April 16, 2010
‘America’s Great Outdoors’ Initiative Aims to Preserve Lands
In an effort to promote conservation and community-based recreation, President Obama on Friday launched The America’s Great Outdoors Initiative.
Headed by the Offices of the Interior and Agriculture, the Environmental Protection Agency, and the Council on Environmental Quality, the initiative will form coalitions with state and local governments as well as the private sector.
President Obama channeled Theodore Roosevelt in a speech given at the Interior Department, in which he said that although "I will probably never shoot a bear,” he holds a strong connection to that legacy.

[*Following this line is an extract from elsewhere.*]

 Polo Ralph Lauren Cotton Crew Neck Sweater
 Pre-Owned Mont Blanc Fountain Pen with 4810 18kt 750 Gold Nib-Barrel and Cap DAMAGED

"I feel an abiding bond with the land," Obama said. "I do for the same reasons that all of you do. The same reasons families go outside for a picnic, or campers spend the night in a national park, or sportsmen track game through the woods or wade deep into a river. It's a recognition passed down from one generation to the next."
Among the goals outlined in an a memorandum of the initiative issued Friday are “to reconnect Americans, especially children, to America’s rivers and waterways” and “use science-based management practices to restore and protect our lands and waters for future generations.”
Although few specifics were listed, Obama also discussed the prospect of job growth.
"We're launching this strategy because it's the right thing to do—because, as TR said, we must not mar the work of the ages," Obama said. "But we're also doing it because it's the right thing to do for our economy. It's how we're going to spur job creation in the tourism industry and the recreation industry."